Близорукие (а то и просто мелкотенденциозные) авторы склонны подчас, характеризуя "культурную политику" гитлеровской Германии, ссылаться на факты "апелляции к прошлому", которая была одним из элементов этой политики. Хотя ведь общеизвестно, что речь шла при этом о такой "апелляции", что была равнозначна фальсификации, варварскому искажению прошлого немецкого народа. С ним здесь поступали в точном соответствии с рекомендацией Ницше. Прошлое не изучали, превращая его в нравственное достояние народной памяти, - им "обладали", считая себя вправе обращаться с ним так, как подскажет "настоящий исторический момент". Ибо главное, согласно официально прокламируемому гитлеровцами национал-социалистскому миросозерцанию, заключалось в "жизненном порыве", "витальном напоре" арийской расы, - высший принцип (содержание которого было позволено толковать в каждый "данный момент" лишь "самому фюреру"), каковому было полностью подчинено все, в том числе и историческая память народа. На всем протяжении гитлеровского господства над Германией действительная историческая память немецкого народа пребывала, выражаясь языком психопатологии, в состоянии глубочайшей амнезии, сопровождавшейся искусственно стимулируемыми конфабуляциями - псевдовоспоминаниями, связанными с замещением парализованной функции припоминания вымыслами больного воображения.

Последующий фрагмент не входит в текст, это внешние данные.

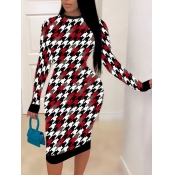 Lovely Casual O Neck Plaid Print Red Mid Calf Dres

Но мы бы существенно исказили картину, неправомерно сузив ее рамки, если бы связали такую вот идеологию добровольного - и даже экстатического манкуртства лишь с одной ее разновидностью: с линией, ведущей от Ницше к национал-социализму. К тому же Ницше апеллировала и другая разновидность этой идеологии, обрядившая себя в столь живописный наряд модной парижской богемы, что примитивные немецкие ницшеанцы из числа национал-социалистов не почувствовали в ней под этим экстравагантным одеянием глубоко родственную им душу. Речь идет о модернизме, осознавшем себя - где-то на рубеже прошлого и нынешнего веков - как культ Нового: нового - во что бы то ни стало, любой ценой.

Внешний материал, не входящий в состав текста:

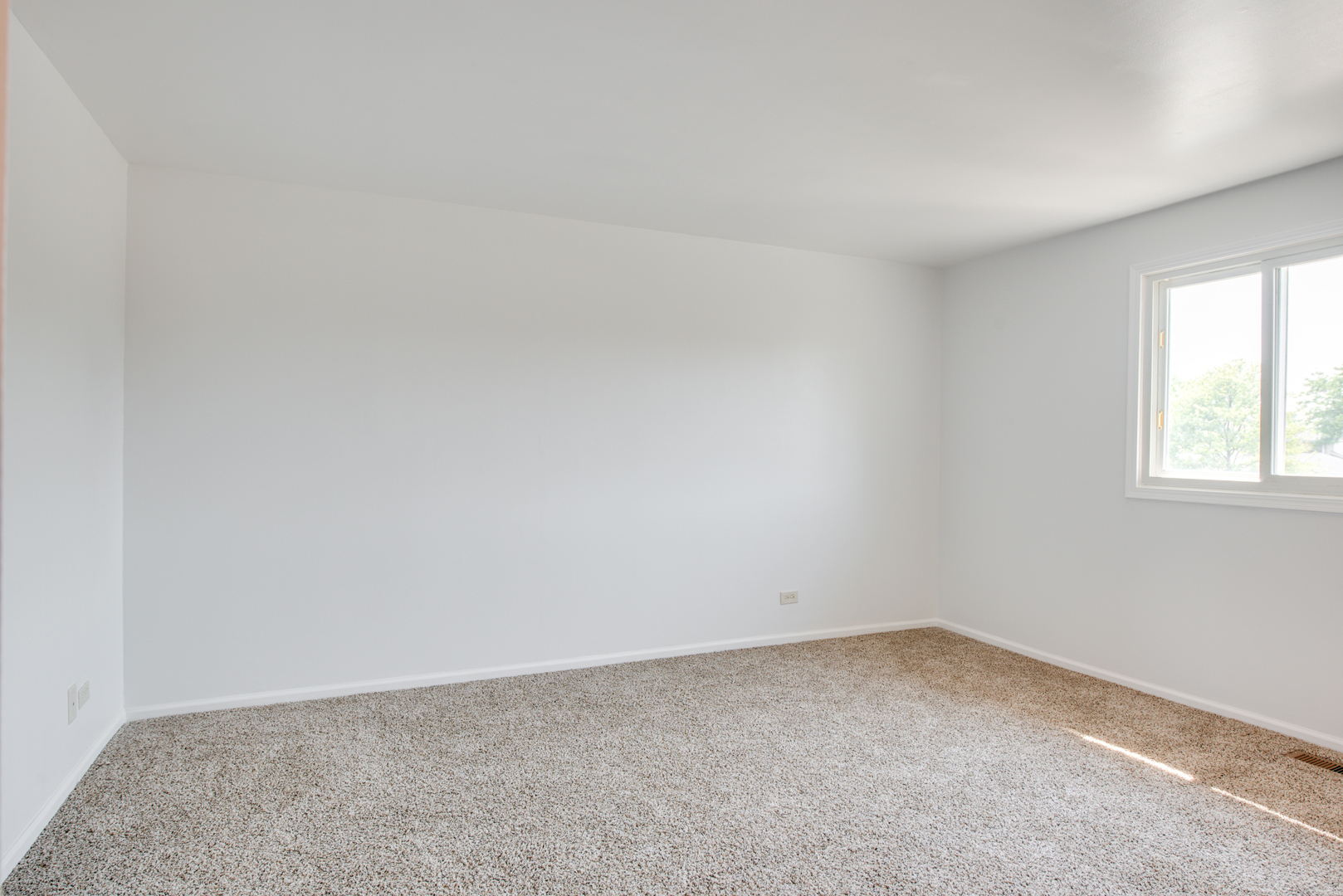889 Heatherbrook Court Property Photo 14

Возникнув первоначально в области искусства, это умонастроение сравнительно быстро предстало как своего рода миросозерцание, если не религия. Его превращению в род религии препятствовало, правда, то обстоятельство, что подавляющее большинство модернистов было настроено крайне "богоборчески". В лучшем случае они готовы были поверить в дьявола, сатану, нечистую силу, но только не в бога нравственно ориентированных религий.

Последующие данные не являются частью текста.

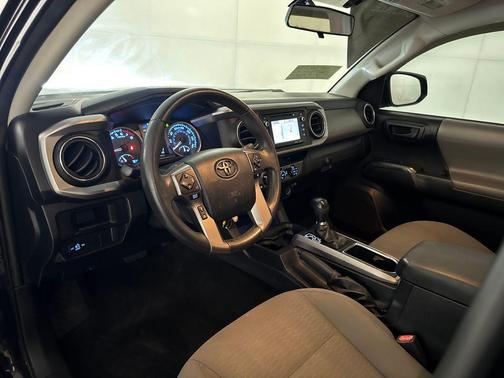 Black 2016 Toyota Tacoma SR5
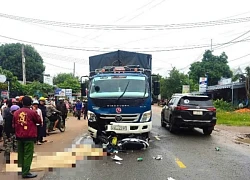 Tai nạn giao thông nghiêm trọng với xe tải, bà và cháu gái 2 tuổi tử vong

Не замедлила со своим появлением и такая крайняя - активистская модификация модернизма, как авангардизм, выявивший (и тем представивший на общее обозрение) разрушительную, нигилистическую суть модернизма. Дело в том, что уже первые шаги модернизма, сколь ошарашивающе оглушающими акциями они ни сопровождались, не могли скрыть от стороннего наблюдателя старой, как мир, истины: подлинно нового добиться не так-то легко. Но чем труднее дается воистину новое, тем больший акцент делается во имя него на "борьбе со старым". Впрочем, тут впрямь было нечто "новое": ведь никогда ранее не выступали против "старого", всего, имеющего отношение к общечеловеческой памяти, к культурной традиции, к традиционной культуре (а какая культура мыслима без традиции?), наконец, к прошлому как таковому с таким экстазом и исступлением, как в "эпоху модернизма", которая продолжалась без малого сто лет.